Pictures with short captions

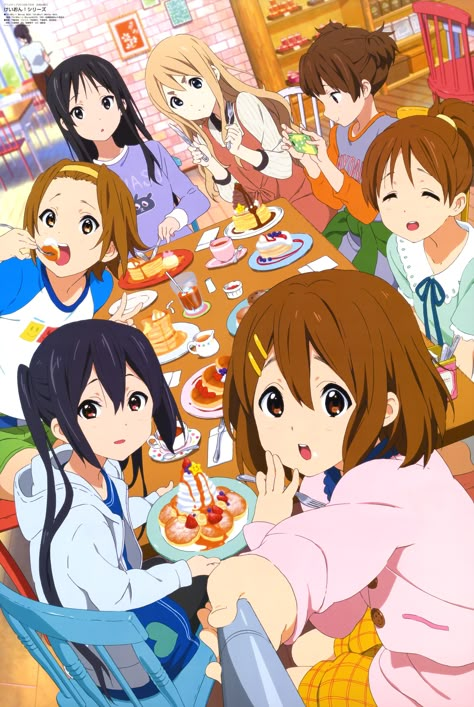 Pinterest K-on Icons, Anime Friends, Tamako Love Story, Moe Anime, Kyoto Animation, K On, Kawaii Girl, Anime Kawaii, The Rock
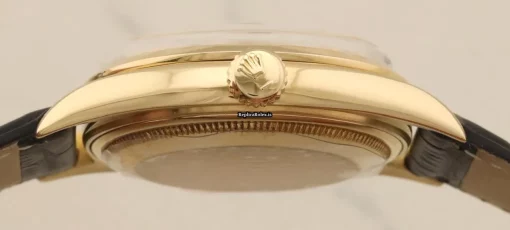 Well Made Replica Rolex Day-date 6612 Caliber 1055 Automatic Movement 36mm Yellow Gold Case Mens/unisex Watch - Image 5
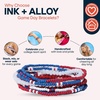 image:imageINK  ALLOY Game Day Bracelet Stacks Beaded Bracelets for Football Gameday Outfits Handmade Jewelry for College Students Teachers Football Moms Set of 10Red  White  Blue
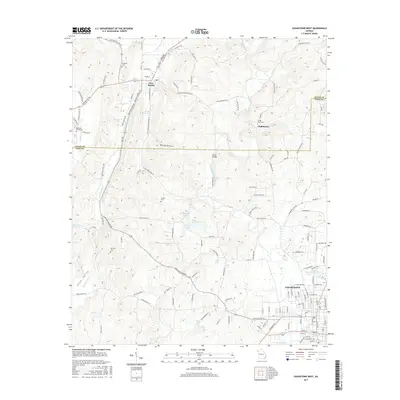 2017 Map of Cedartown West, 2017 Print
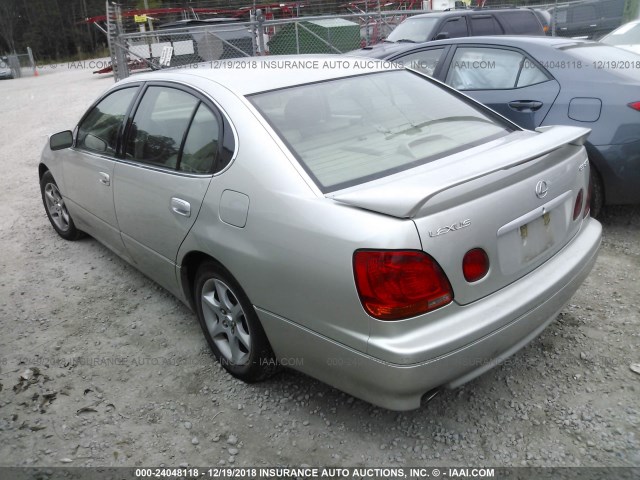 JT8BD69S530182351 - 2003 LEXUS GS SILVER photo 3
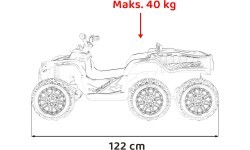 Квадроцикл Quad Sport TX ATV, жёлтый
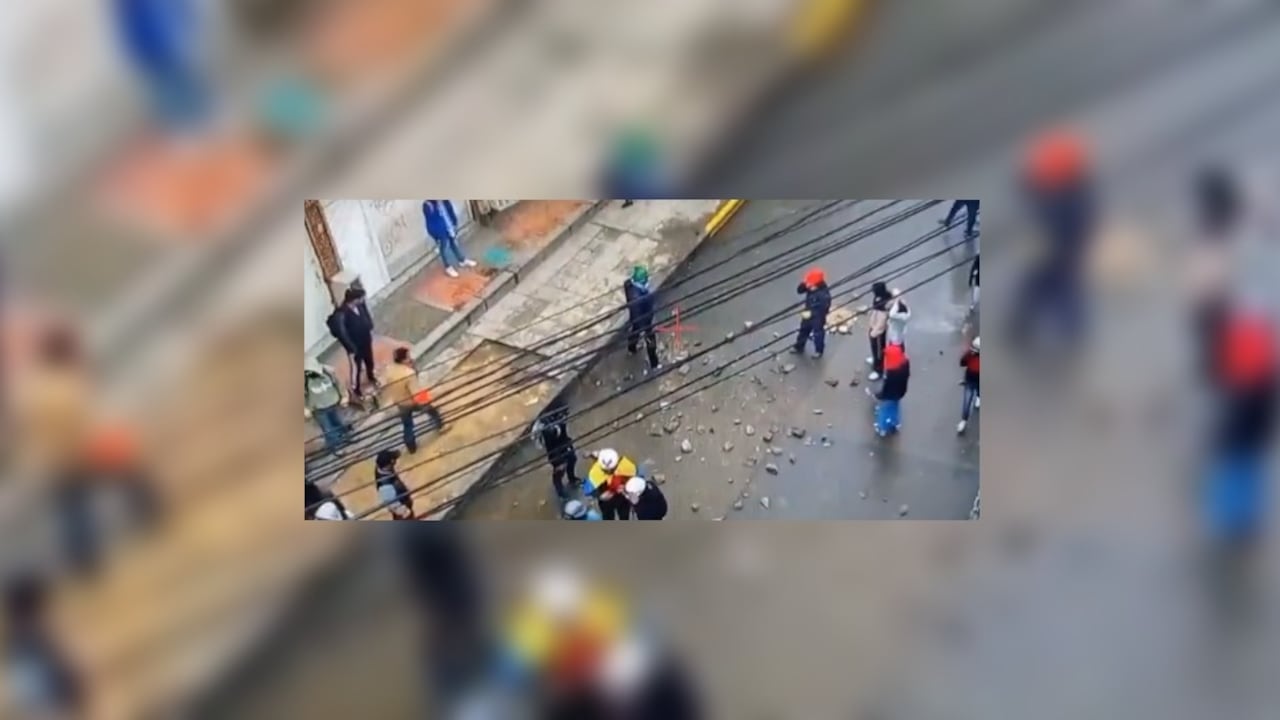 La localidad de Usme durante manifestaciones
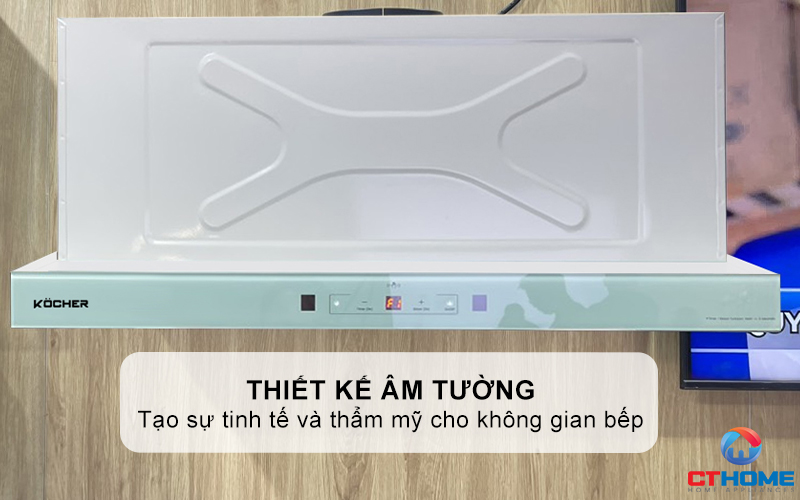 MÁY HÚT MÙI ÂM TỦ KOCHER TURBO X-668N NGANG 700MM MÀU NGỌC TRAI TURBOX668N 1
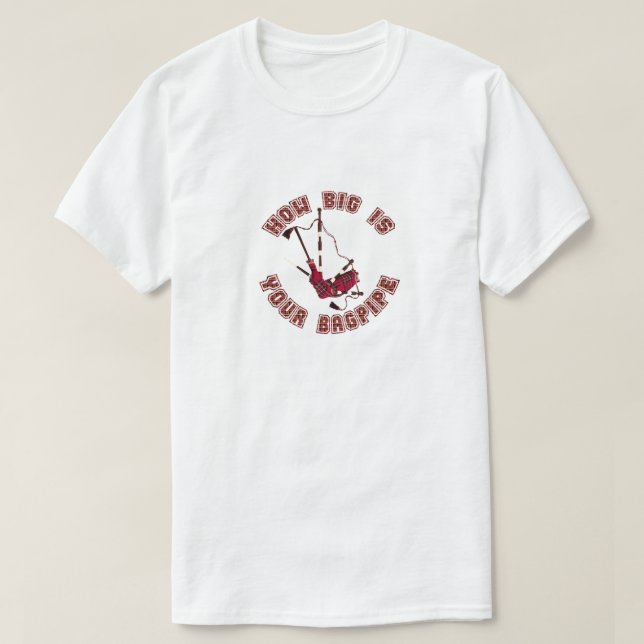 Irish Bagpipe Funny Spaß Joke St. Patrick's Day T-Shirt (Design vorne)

> **WHAT YOU WILL DO**:
Only the lines from the first line of the entries through the line containing "Well Made Replica" should be output, exactly as they are, without pictures.

> **TASK SOLUTION**:
 Pinterest K-on Icons, Anime Friends, Tamako Love Story, Moe Anime, Kyoto Animation, K On, Kawaii Girl, Anime Kawaii, The Rock
 Well Made Replica Rolex Day-date 6612 Caliber 1055 Automatic Movement 36mm Yellow Gold Case Mens/unisex Watch - Image 5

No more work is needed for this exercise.